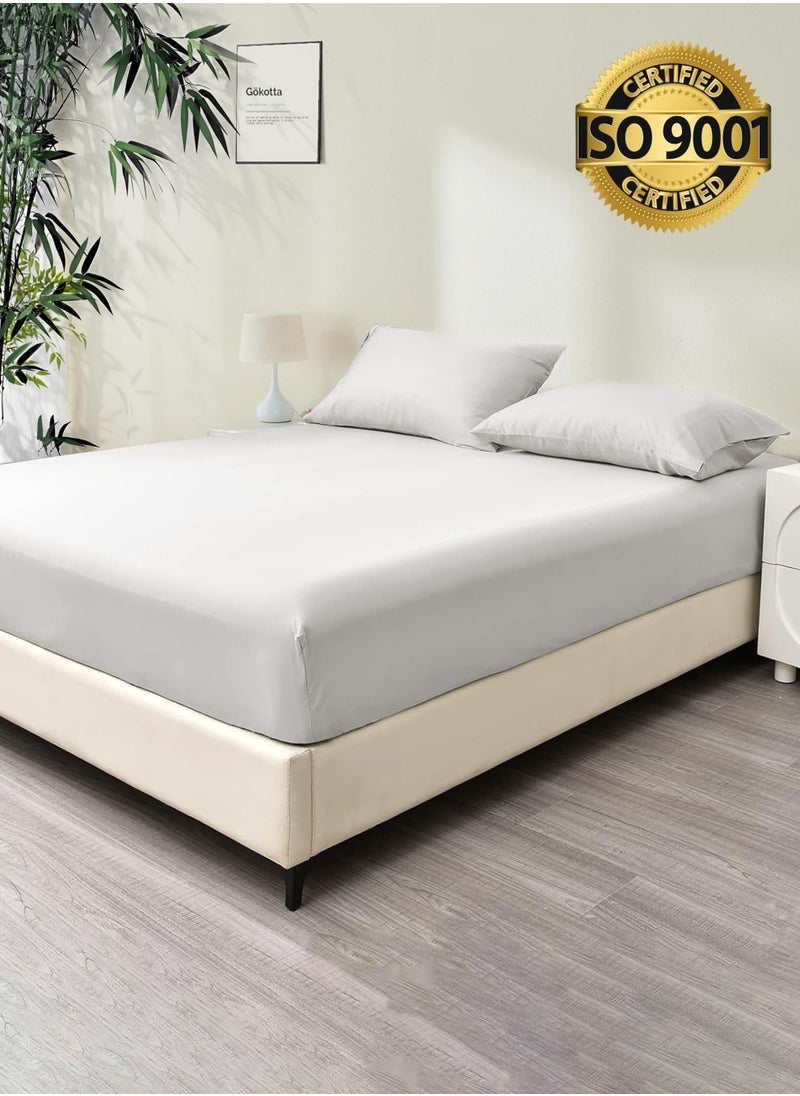 Master Home Textile - Single 100% Rayon Of Bamboo Cooling Fitted Sheet, Fitted Sheet With Elastic 120x200+30 cm, Breathable Silky Soft, Single Size 2 Pieces - Image 1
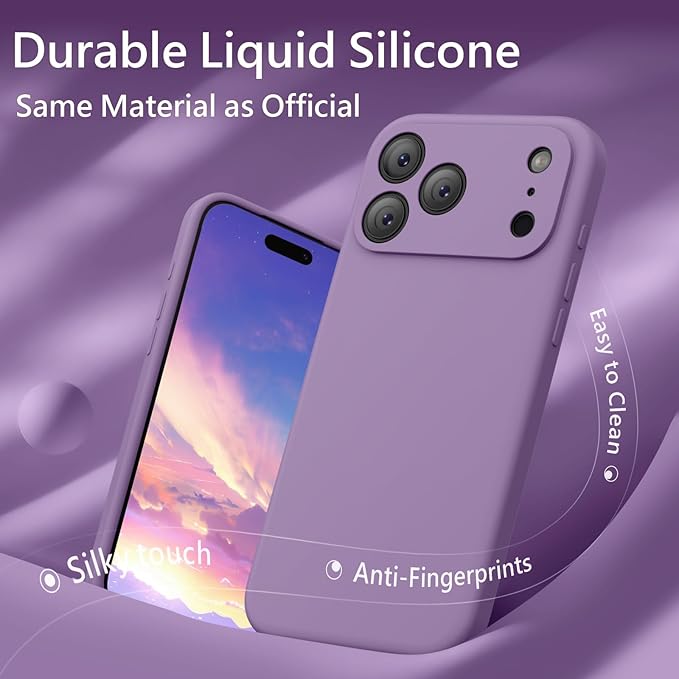 FireNova Magnetic for iPhone 17 Pro Case, Compatible with MagSafe, [Integrated Silicone Camera Control Button] [Camera Protection] Anti-Scratch Microfiber Lining Phone Case, 6.3", Light Purple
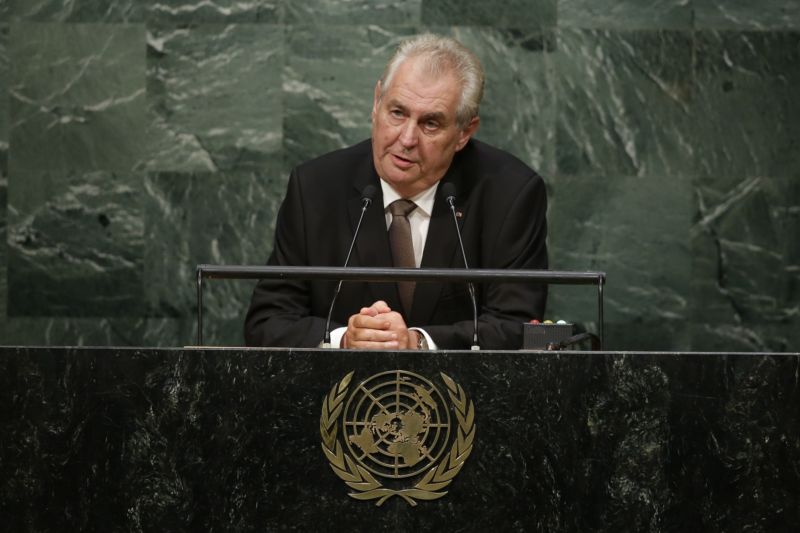 Miloš Zeman během svého projevu na Valném shromáždění OSN.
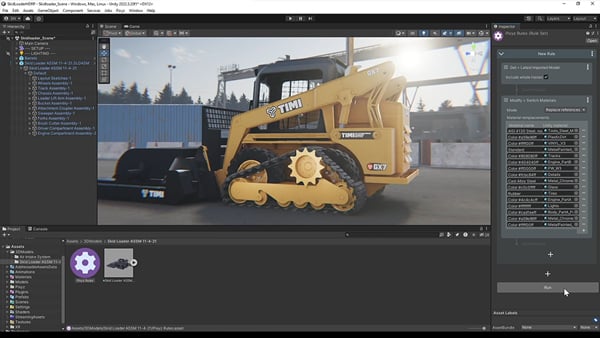 3D model of a yellow tracked skid-steer loader being edited or viewed inside unity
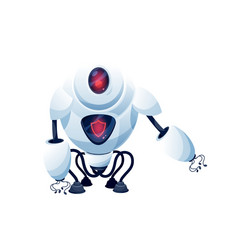 cartoon robot cyborg character bot guard vector image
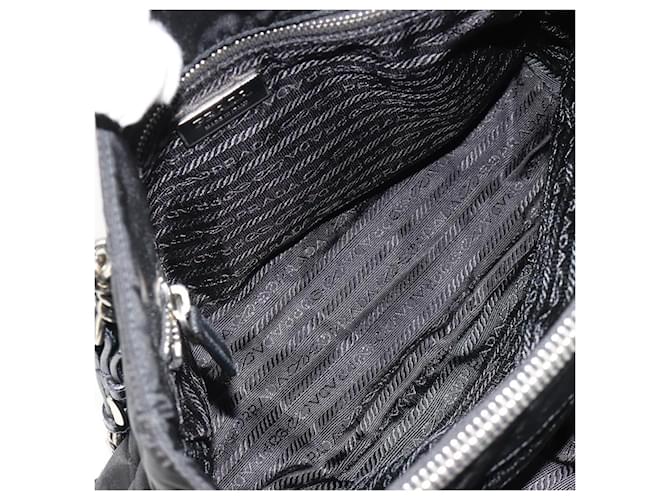 PRADA Chain Shoulder Bag Nylon Black Silver - vista 16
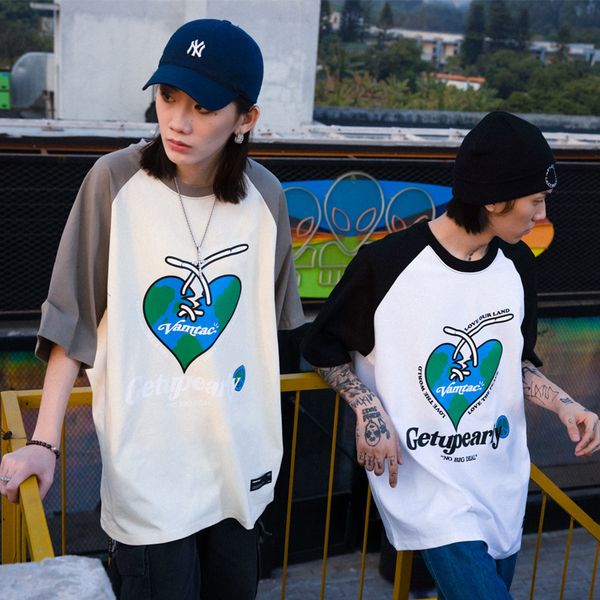 

vamtac2021 spring summer new style simple letter print contrast raglan sleeves men's and women's loose short sleeves t, White;black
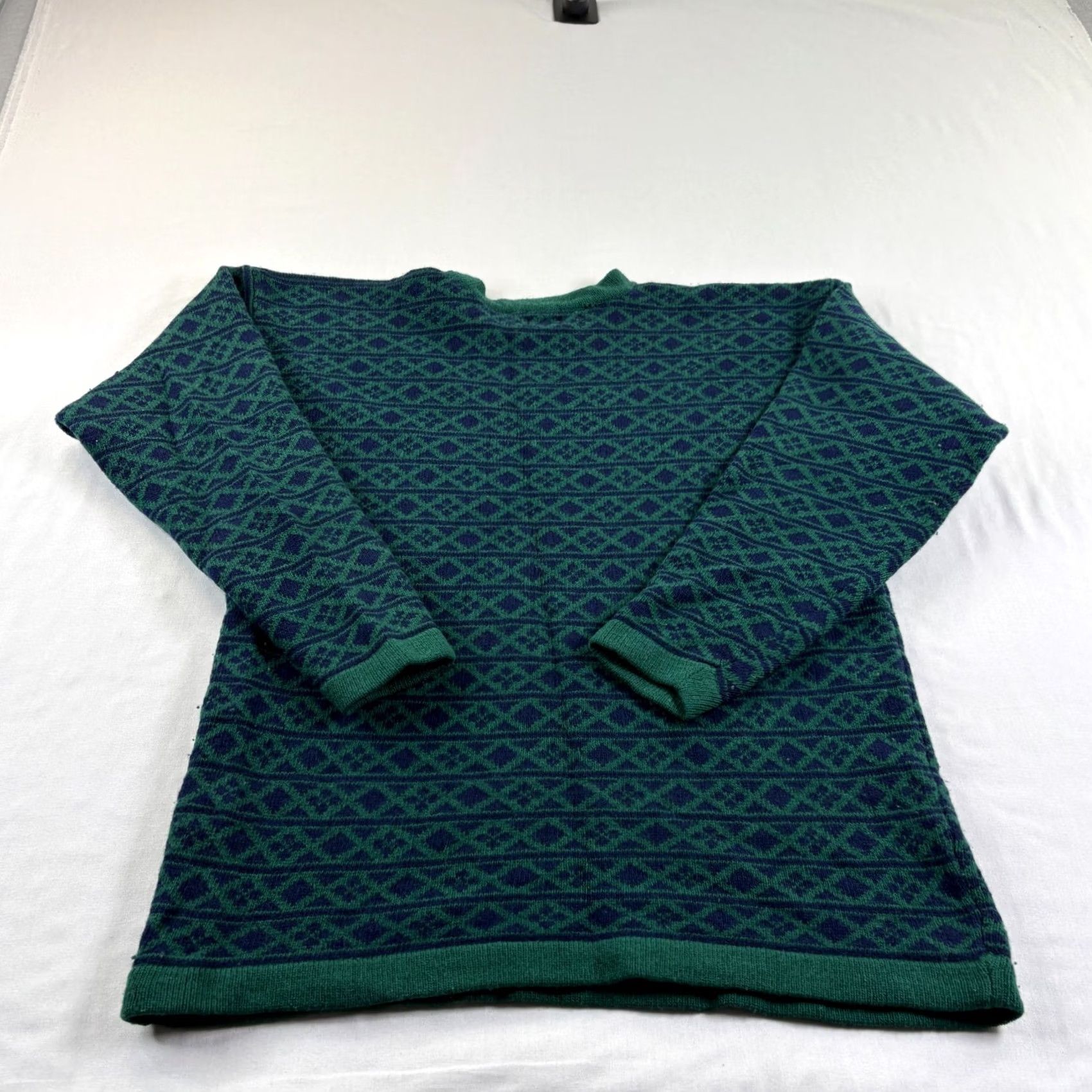 Gap VINTAGE GAP Wool Sweater Mens M Green Blue Fair Isle Crew Neck Pullover Size US M / EU 48-50 / 2 - 6 Thumbnail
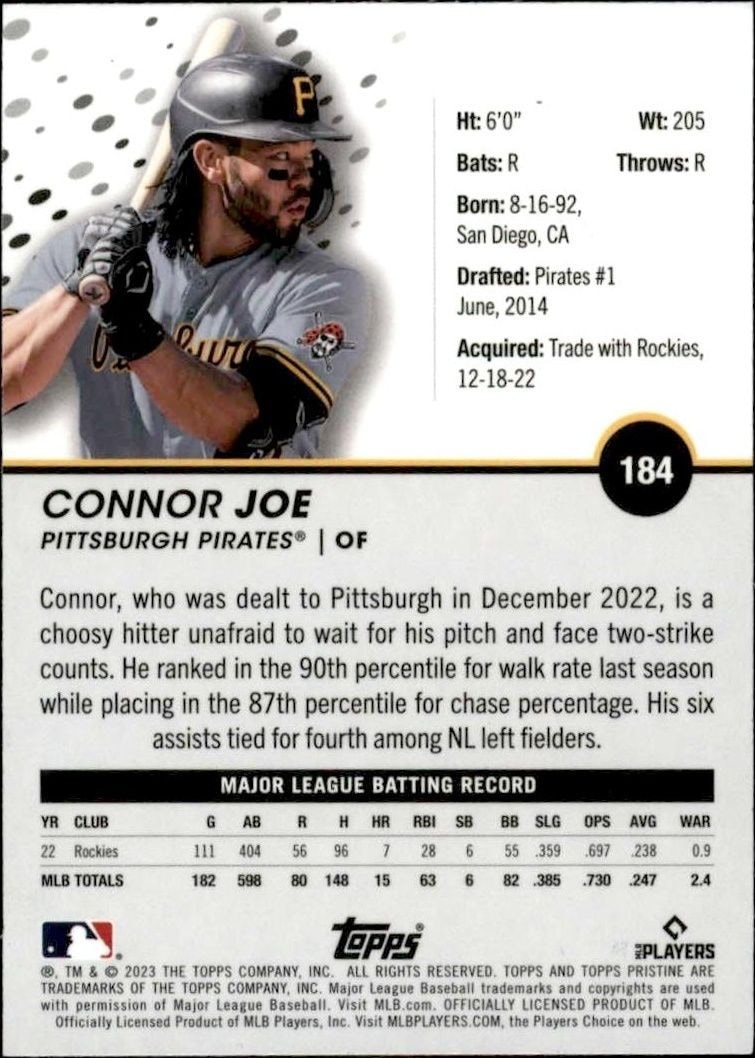 2023 Topps Pristine Connor Joe #184 baseball trading card back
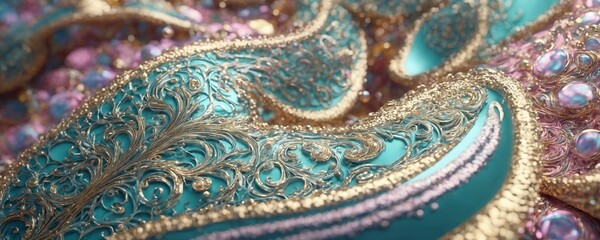 a close up of a blue and gold mask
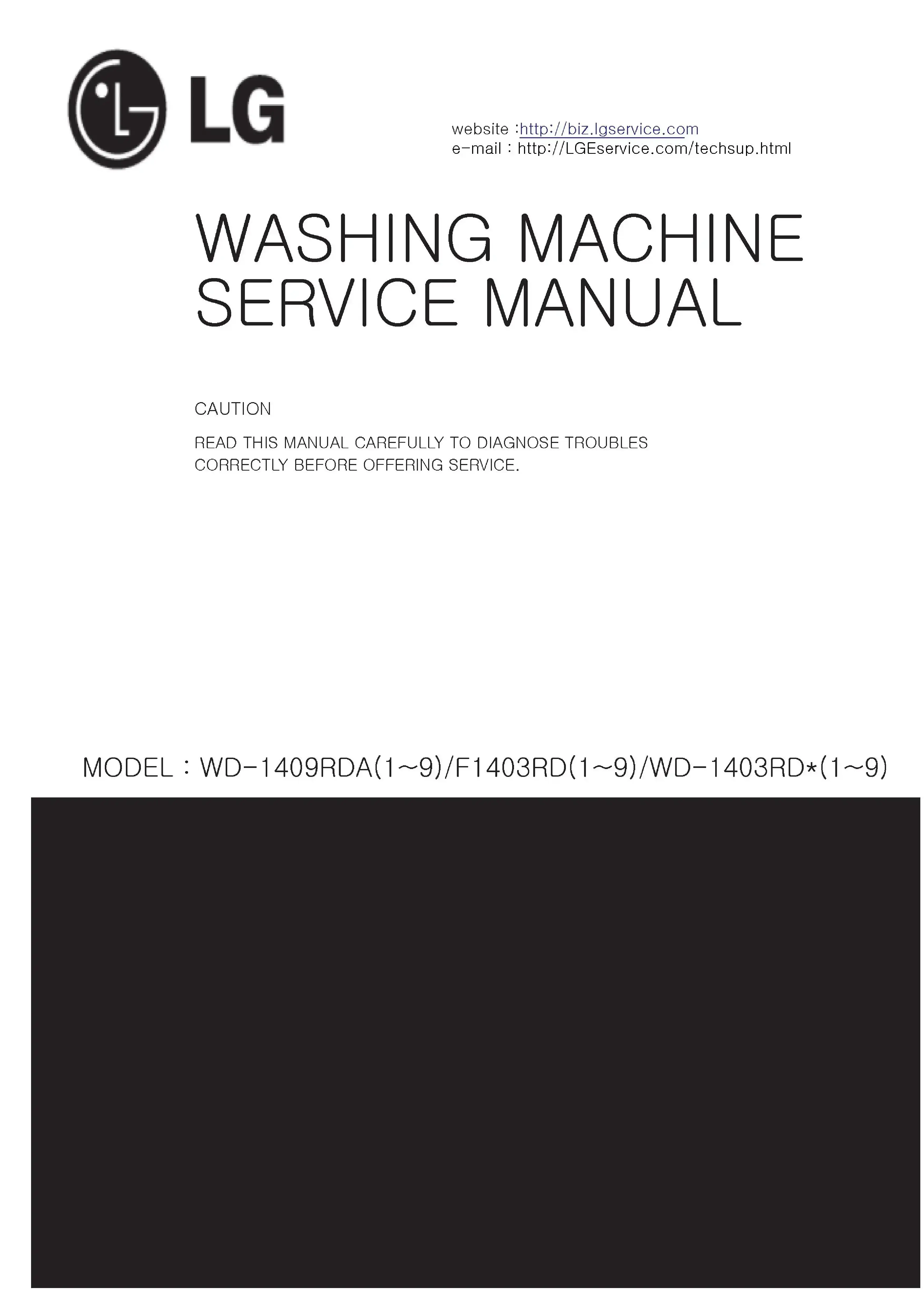 Lg wd 1403rda5 service manual cover with LG logo, service website path, washer model codes and service caution notice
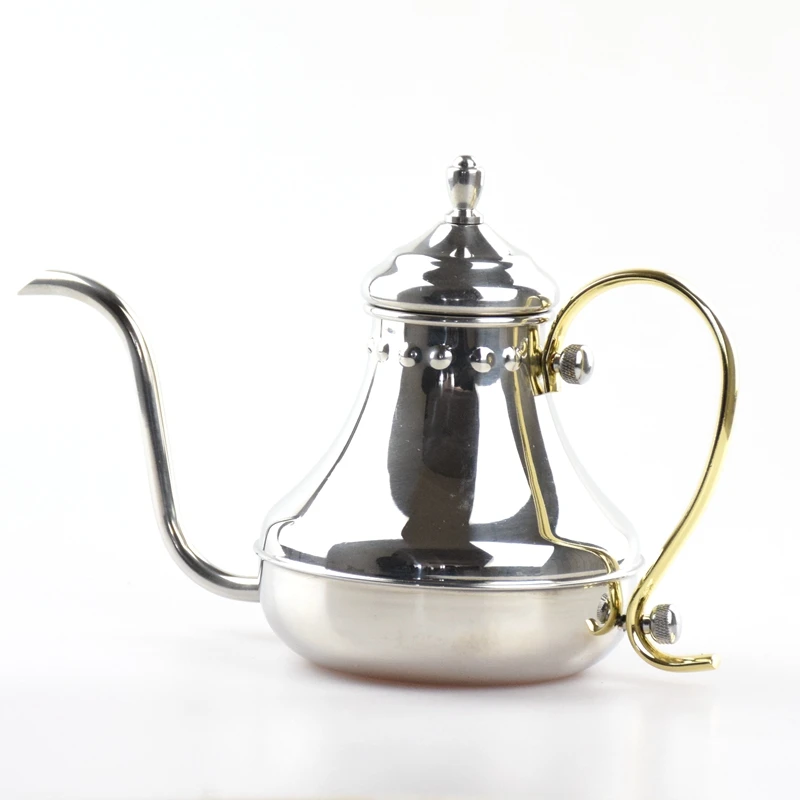 

Free Shipping 650ml High Quality V60 Coffee Drip Kettle Espresso Server Gold Knob Tea Pot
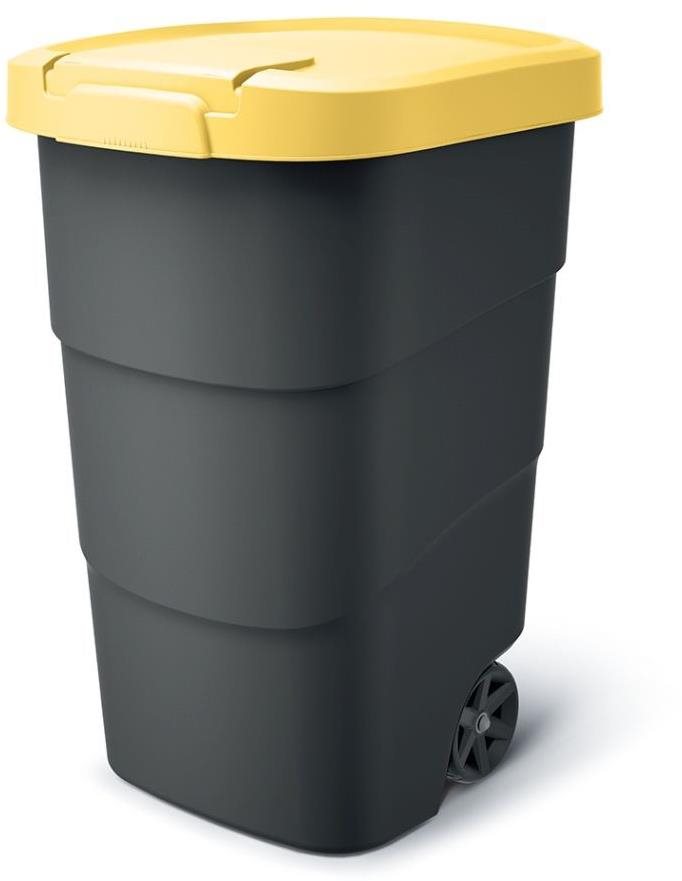 Prosperplast Smetná nádoba s odolnými kolieskami Wheeler, antracit so žltým vekom, 95 l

Goal of the exercise: What you return must match, line for line, the records from the line containing "Free Shipping 650ml" through their end, with both ends included and no pictures.

The completed task:
Free Shipping 650ml High Quality V60 Coffee Drip Kettle Espresso Server Gold Knob Tea Pot
 Prosperplast Smetná nádoba s odolnými kolieskami Wheeler, antracit so žltým vekom, 95 l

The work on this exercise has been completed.